We're at war, pick a side

http://tech.yahoo.com/news/nm/bluray_hddvd_dc

An emerging debate in modern technology is that between HD-DVD and Blu-ray for control of the high-definition DVD market. As stated in this article, Blu-ray sold more discs (2.6 million) than HD-DVD did (1.4 million). So what does this mean? Absolutely nothing.

Each of these formats have their own company backings which have created such a divide. Recently companies have started to support both formats, making more of a mess out of this. The biggest backers are Sony and Toshiba, the champions of Blu-ray and HD-DVD, respectively. Sony has a slight advantage being that they also own a movie studio and have a back catalog of exclusive movies to start out with. In addition, Sony adds a Blu-ray player with every Playstation 3 console it sells.

Conversely, HD-DVD players can be purchased for an extra 200 dollars as an add-on to Microsoft's Xbox 360 console, giving more affordable alternatives to standalone players, which up until very recently have been upwards of 500-600 dollars. Sony and Toshiba have also generously offered 5 free movies with their respective players as a sort of mail-in rebate incentive after purchasing a player.

Sony is known for backing proprietary formats, as seen with the Betamax (and the MiniDisc, and the miniDV, and the UMD...) and sadly although Blu-ray barely has any traction it isn't outright losing, which is a big plus for Sony. Many Sony-haters who happily dismissed Blu-ray early on are getting nervous that its starting to gain some ground, and the glimmer of hope surrounding a few solid titles coming out for the PS3 will send Xbox 360 fanboys running for their copies of Halo 3.

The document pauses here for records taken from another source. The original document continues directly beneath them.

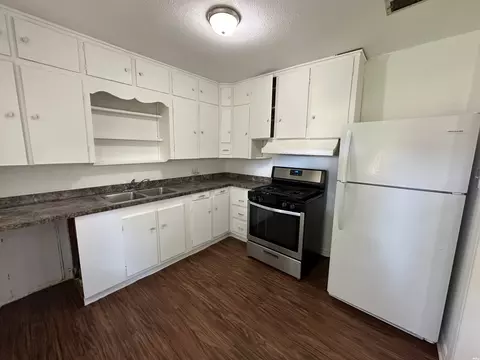 Kitchen - 1815 Ross, Clovis, NM 88101 photo 2 of 2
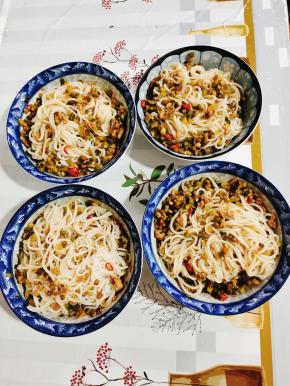 翻拌均匀即可嗦粉啦！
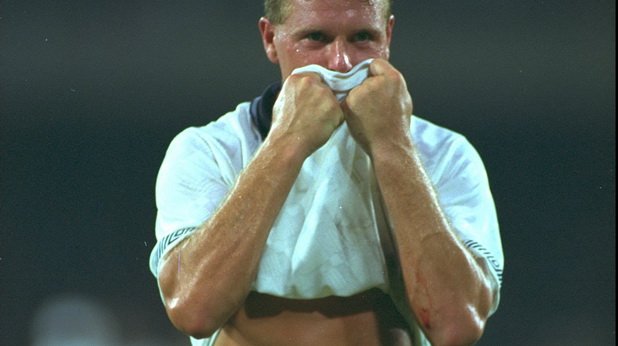 Пол Гаскойн плаче след отпадането на Англия след дузпи от Германия на полуфинала на Мондиал`90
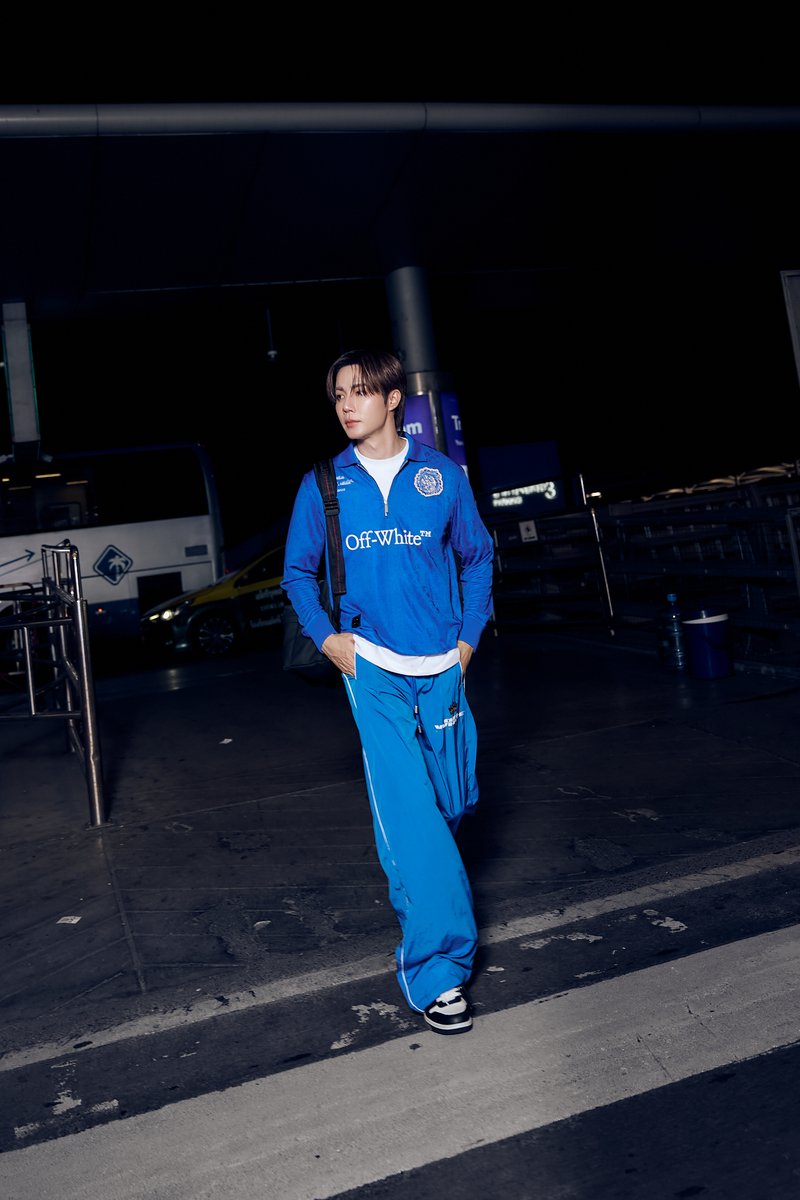 คนหล่อพร้อมบิน! ส่องลุคเท่ของหนุ่ม ‘ซี’ ขณะออกเดินทางไปปารีส เพื่อร่วมชมโชว์ Off-White™ คอลเล็กชั่นใหม่ Fall-Winter 2026 ที่จะจัดขึ้นในวันที่ 5 มีนาคม เวลา 17.30 น. ตามเวลาประเทศไทย 💚

📸ชมภาพ mintmagth.com/people/zeepruk…

#ZeeNunewWithOffWhite
#OffWhite #OffWhiteFW26
#ZeePruk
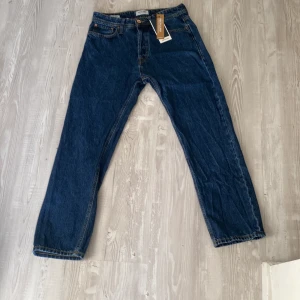 Jack and Jones jeans  - Hej säljer nu mitt helt oandvända   Par Jack and Jones jeans  Dom är helt oandvända ångra mig direkt efter jag tog av lapparna  W30 L30   Skriv för fler frågor!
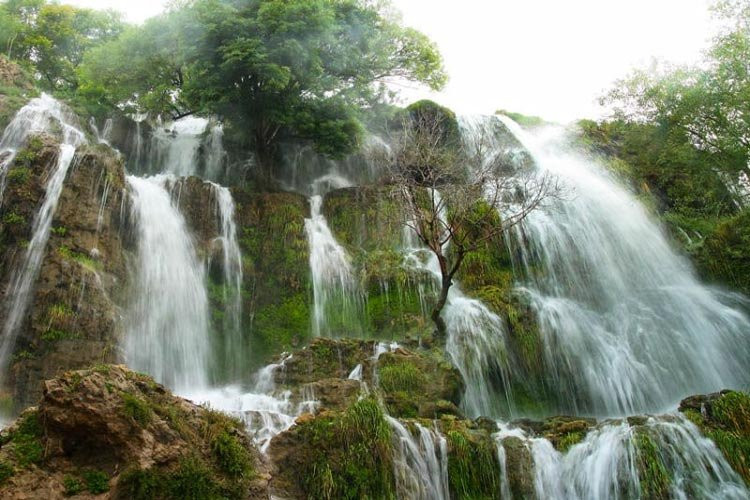 Barzok旅游景点-Niasar Waterfall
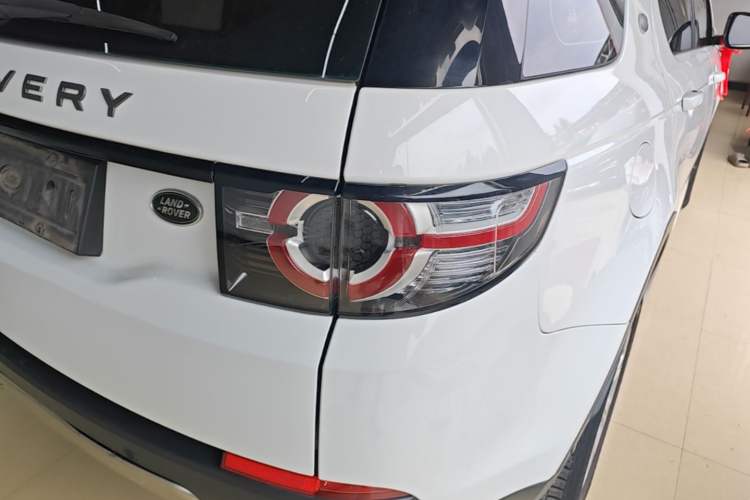 Used Land Rover Discovery Sport 2018 240 PS SE Version Right Rear Taillight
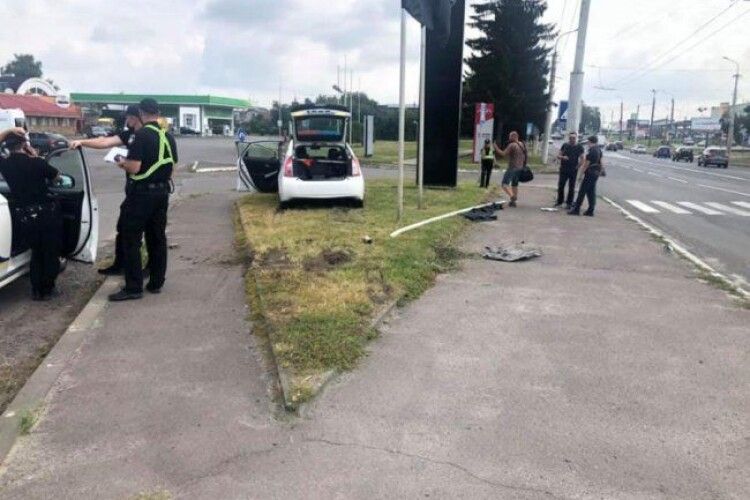 Аварія: у Луцьку машина патрульної поліції збила флагшток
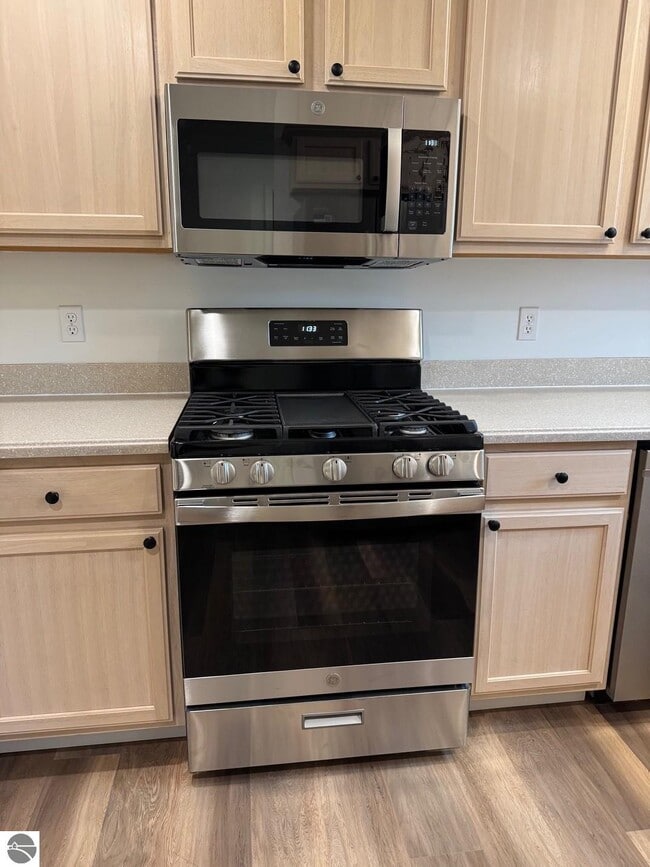 Building Photo - 1495 Newport St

This war could go a few ways. First, both could achieve saturation and people will have to pick one or the other, get a dual-format player, or every studio might just support both. A second way is that one format wins outright and early adopters of the loser will be devastated. Finally, both could lose and people will enjoy their DVDs, or maybe streaming high-def video over the internet onto their TVs (points for imagination on the blog).